__What is being asked__
Reproduce, please, the line that holds "妖神记 第232话1 铭文师聂离 第8页" and all later lines through the end of the entries below, exactly; omit pictures.

__Given records__
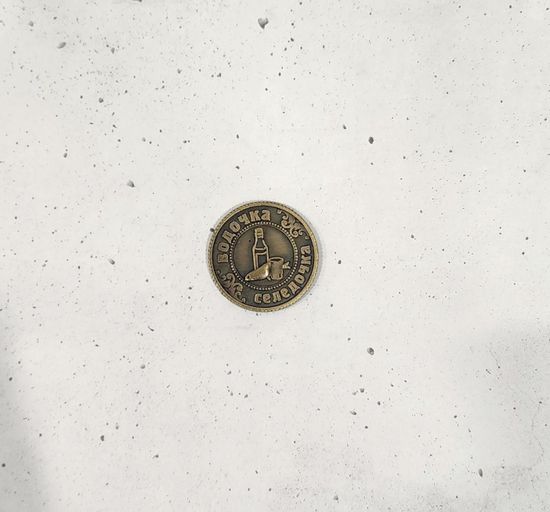 Монета принятия решений Пить-Не пить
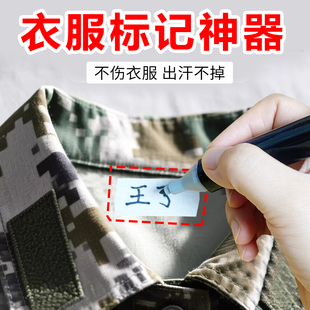衣服标记神器高中大学生军训专用必备迷彩区分名字标签贴自粘免缝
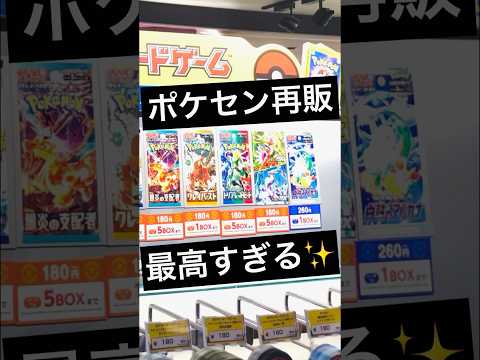 【ポケカ開封】ポケセンのポケカ再販がエグすぎる！？再販はレアでやすい！？開封結果は！？【ポケセン】‪#ポケカ開封  ‪#pokemoncards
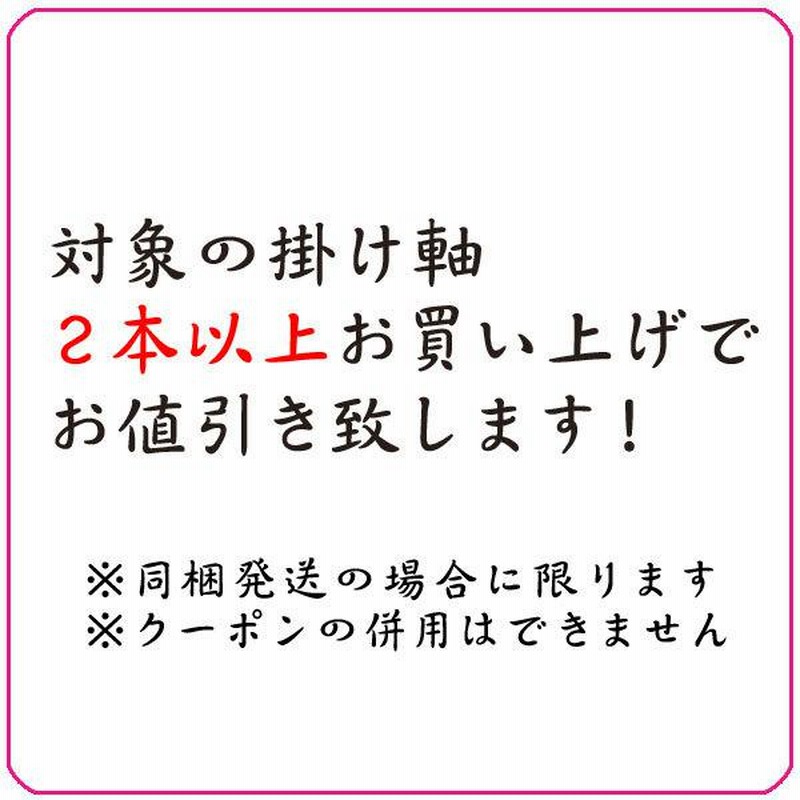 掛軸 (掛け軸) 弘法名号 南無大師遍照金剛 安藤徳祥 尺五立 約横57cm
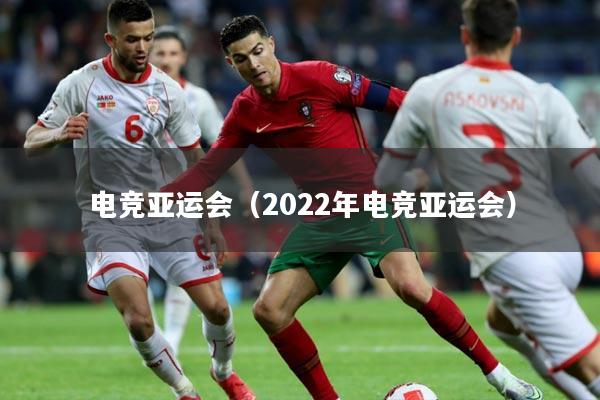 电竞亚运会（2022年电竞亚运会）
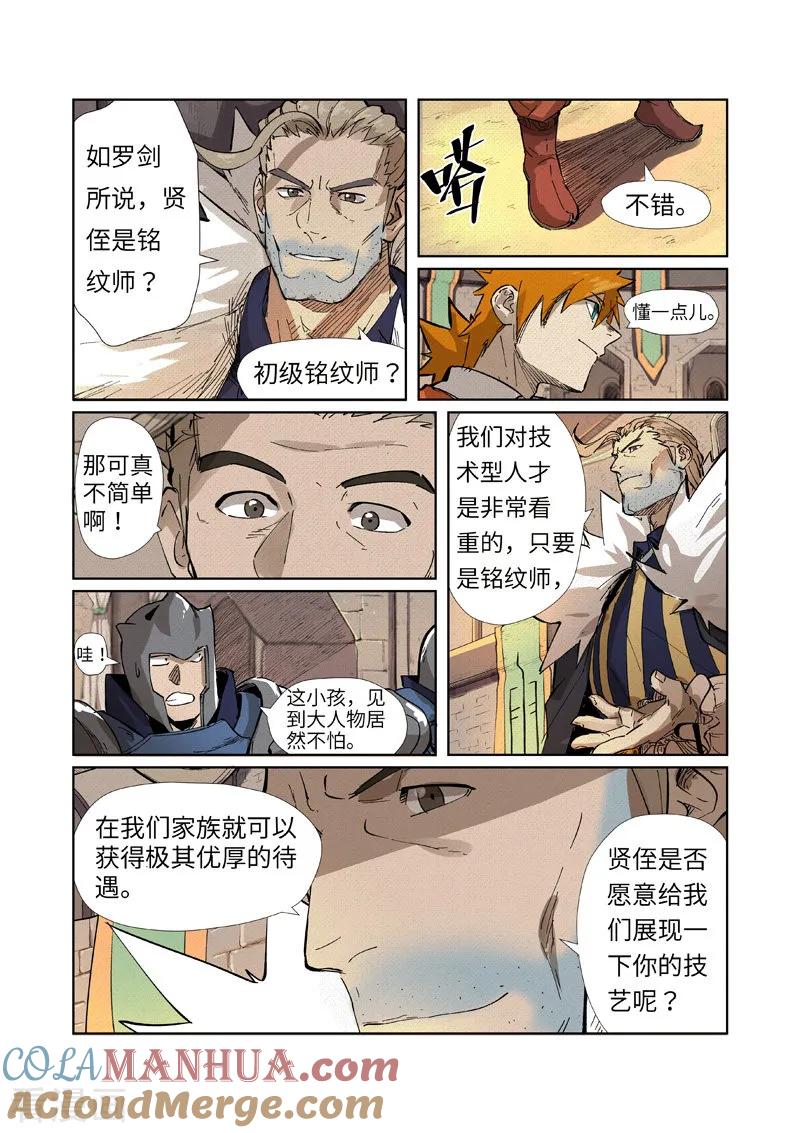 妖神记 第232话1 铭文师聂离 第8页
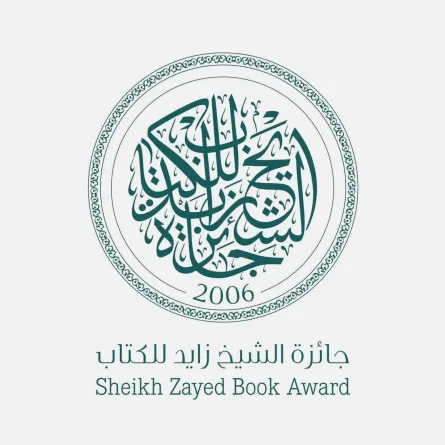 جائزة الشيخ زايد للكتاب - الصورة من وكالة الأنباء الإماراتية "وام"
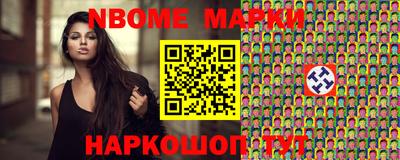 таблы Кимры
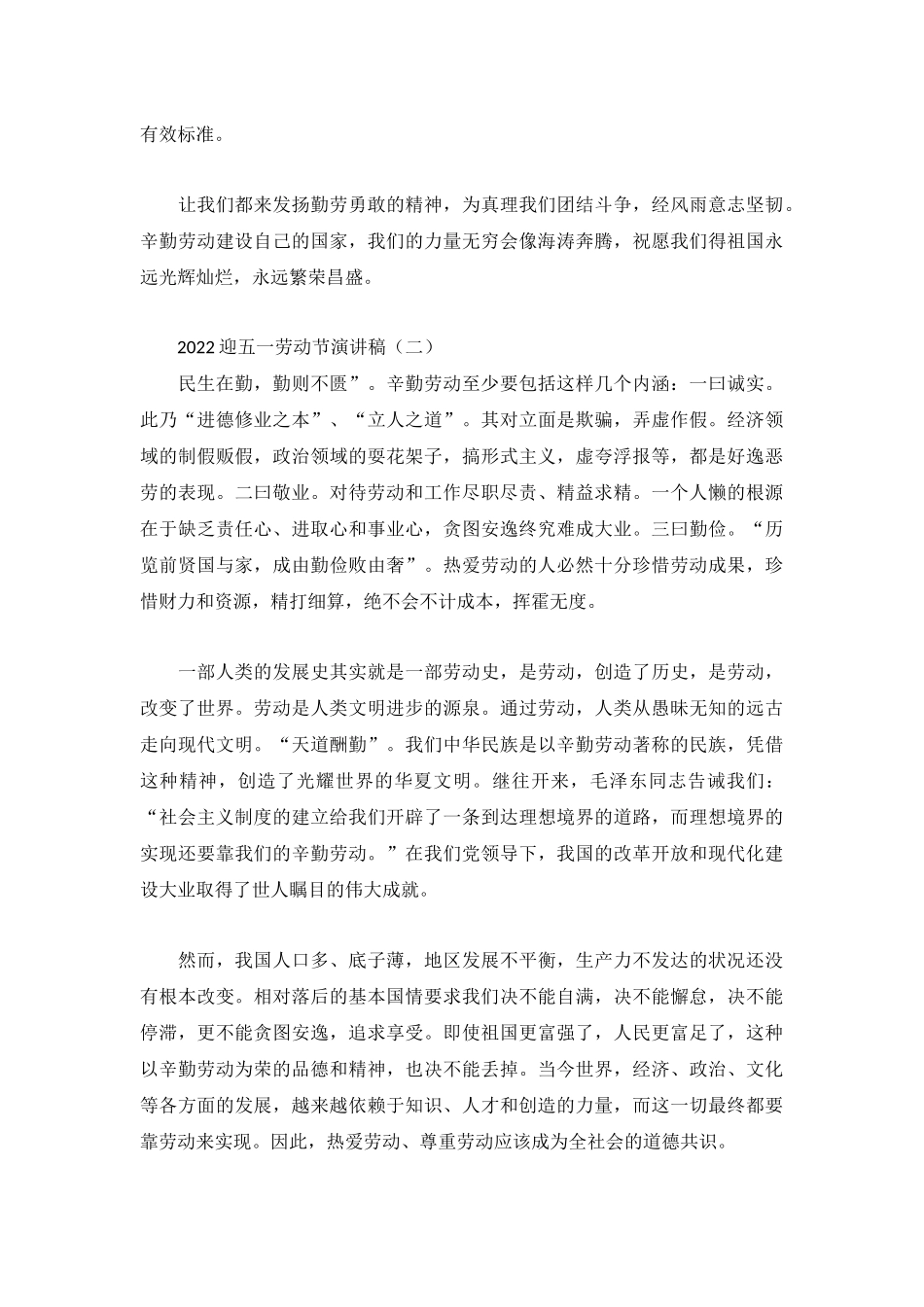 2022迎五一劳动节演讲稿3篇.docx_第2页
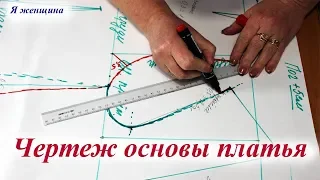 Чертеж - основа плечевого изделия. Способ, которым я постоянно пользуюсь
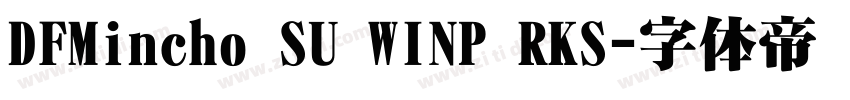 DFMincho SU WINP RKS字体转换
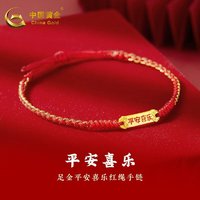China Gold 中国黄金 黄金转运珠手链女士足金平安红手绳 约0.3g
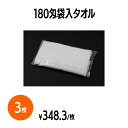 楽天 180匁袋入タオル 白 ホテル 旅館 アメニティ スパ レジャー 温泉 温浴施設 プール エステ 整体 整骨院 民泊 入浴 風呂 バスタイム 銭湯 まとめ...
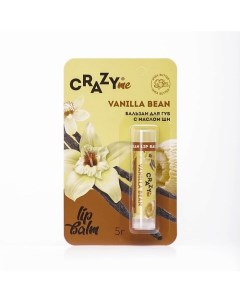 Бальзам для губ Vanilla Bean с ароматом Ванили 5 Crazyme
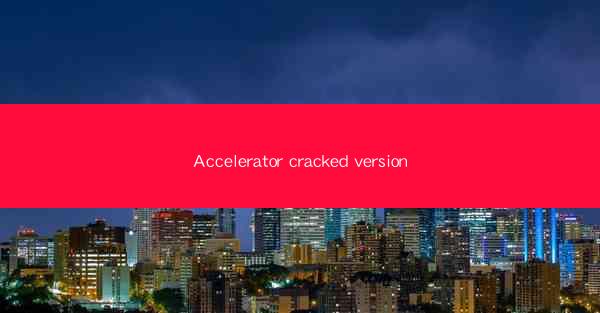 Accelerator cracked version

__Task output__
 妖神记 第232话1 铭文师聂离 第8页
 جائزة الشيخ زايد للكتاب - الصورة من وكالة الأنباء الإماراتية "وام"
 таблы Кимры
 2022迎五一劳动节演讲稿3篇.docx_第2页
 Чертеж - основа плечевого изделия. Способ, которым я постоянно пользуюсь
 DFMincho SU WINP RKS字体转换
China Gold 中国黄金 黄金转运珠手链女士足金平安红手绳 约0.3g
 楽天 180匁袋入タオル 白 ホテル 旅館 アメニティ スパ レジャー 温泉 温浴施設 プール エステ 整体 整骨院 民泊 入浴 風呂 バスタイム 銭湯 まとめ...
 Бальзам для губ Vanilla Bean с ароматом Ванили 5 Crazyme
 Accelerator cracked version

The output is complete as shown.